Note that you can combined these on any number of common keys between the two data sets as there is no concept of primary key as @yuanliu says.
Thanks @yuanliu and @bowesmana for your replies. While I thought that my original goal was clear, I have to agree with @yuanliu that I need to give a more concrete example of it (although I disagree that I was really thinking in SQL terms; I simply used the concept of 'primary key' to more succinctly say what I was trying to). I also believe that @bowesmana is getting closer to what I need. BTW, I am not very familiar with the use of OR in this fashion (are there any restrictions on the shape of those datasets? BTW, I happen to get an empty result set when I 'OR' my result sets), and also, I am not using the word 'dataset' in the official way (I simply meant a set of results from a Splunk query). So, for clarification purposes, here's what I have:
Dataset A is [ search ...... | table a, b, c ], so for example here's a list of results:
a1 b1 c1
a2 b2 c2
and dataset B is [search .... | table a, d, e, f] such as:
a1 d1 e1 f1
a1 d2 e2 f2
a1 d3 e3 f3
a2 d4 e4 f4
a2 d5 e5 f5
What I need as a result of a new search is a new set of results C that look like this:
a1 b1 c1 d1 e1 f1
a1 b1 c1 d2 e2 f2
a1 b1 c1 d3 e3 f3
a2 b2 c2 d4 e4 f4
a2 b2 c2 d5 e5 f5
Thanks!
Now that we are thinking in Splunk terms 😉, note that the ...... part in your illustration can make a difference in how best to construct a "solution". So, I assume that Dataset A and B are NOT from the same sources, e.g., fields b and d must come from different sources, different sourcetypes, from different periods of time, even different indices. Without such information, volunteers have to make assumptions that may or may not be helpful. Where such have biggest impact would be when two datasets come from differing indices and/or time periods.

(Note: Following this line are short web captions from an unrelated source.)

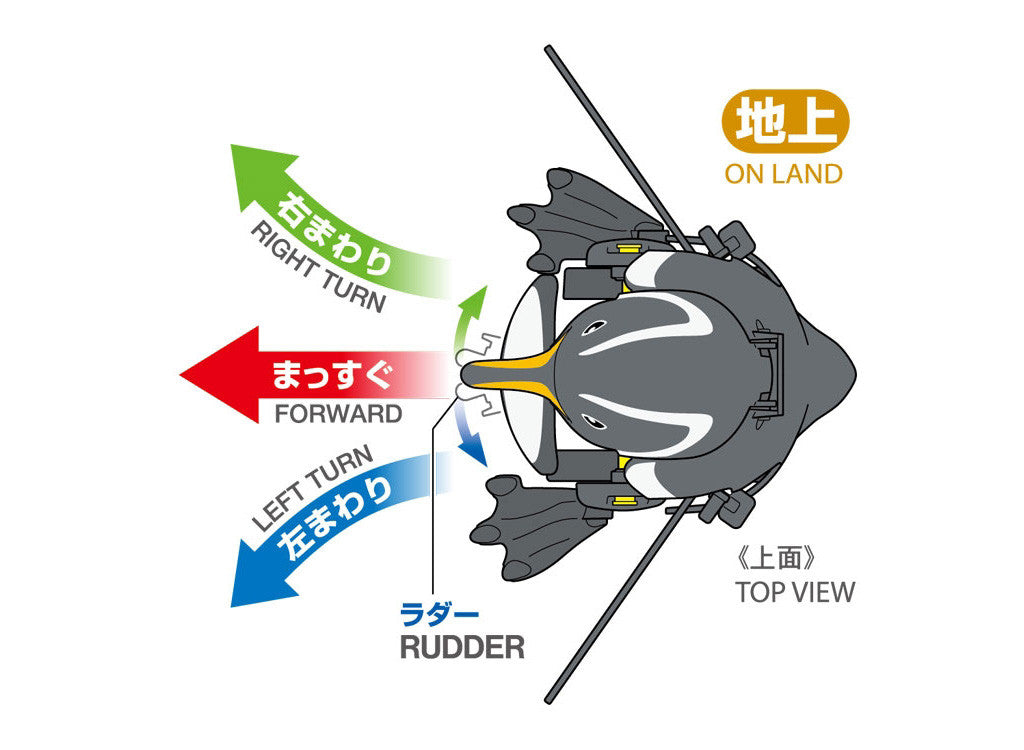 Tamiya Walking & Swimming Penguin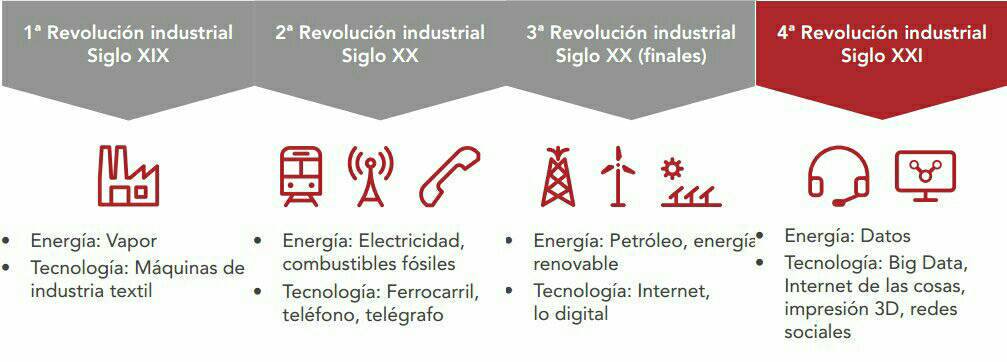 Ebook los retos directivos de la transformación digital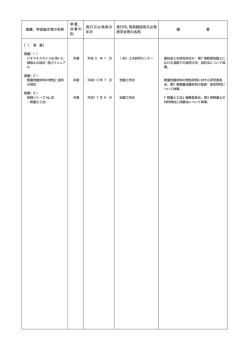 学術論文等の名称 単著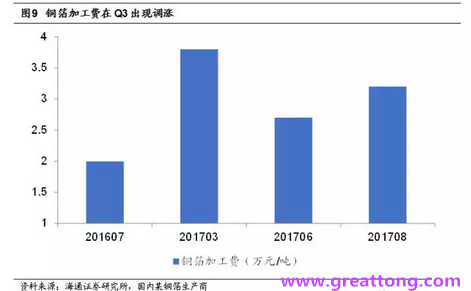 覆銅板：7月環(huán)比提升,Q3歷史出貨旺季，上游拉動下景氣度有望進(jìn)一步提升。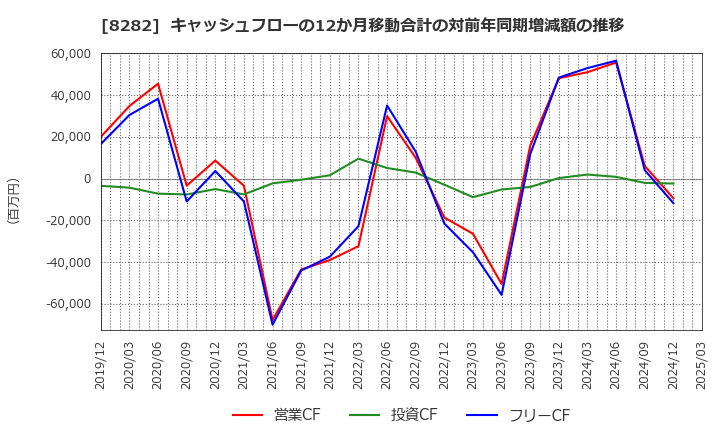 8282 (株)ケーズホールディングス: キャッシュフローの12か月移動合計の対前年同期増減額の推移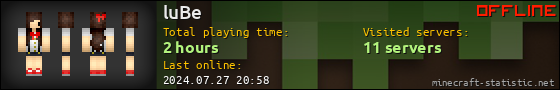 luBe userbar 560x90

For simplicity, I will assume a common scenario when both datasets come from the same index and same time period. Further assume that the only differentiating factor is sourcetype, A and B. An effective OR would be between these two.

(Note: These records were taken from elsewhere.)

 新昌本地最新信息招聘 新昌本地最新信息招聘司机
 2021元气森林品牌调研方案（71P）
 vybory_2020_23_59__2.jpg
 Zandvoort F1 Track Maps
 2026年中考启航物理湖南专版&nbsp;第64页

index=common_index ((sourcetype = A) OR (sourcetype = B))
Now, the above is often expressed as
index=common_index sourcetype IN (A, B)
Meanwhile, you may often have additional, differing search terms for A and B. So you may want to keep those parentheses. For example, you may want to restrict events to only those with fully populated fields of interest,
index=common_index ((sourcetype = A a=* b=* c=*) OR (sourcetype = B a=* d=* e=* f=*))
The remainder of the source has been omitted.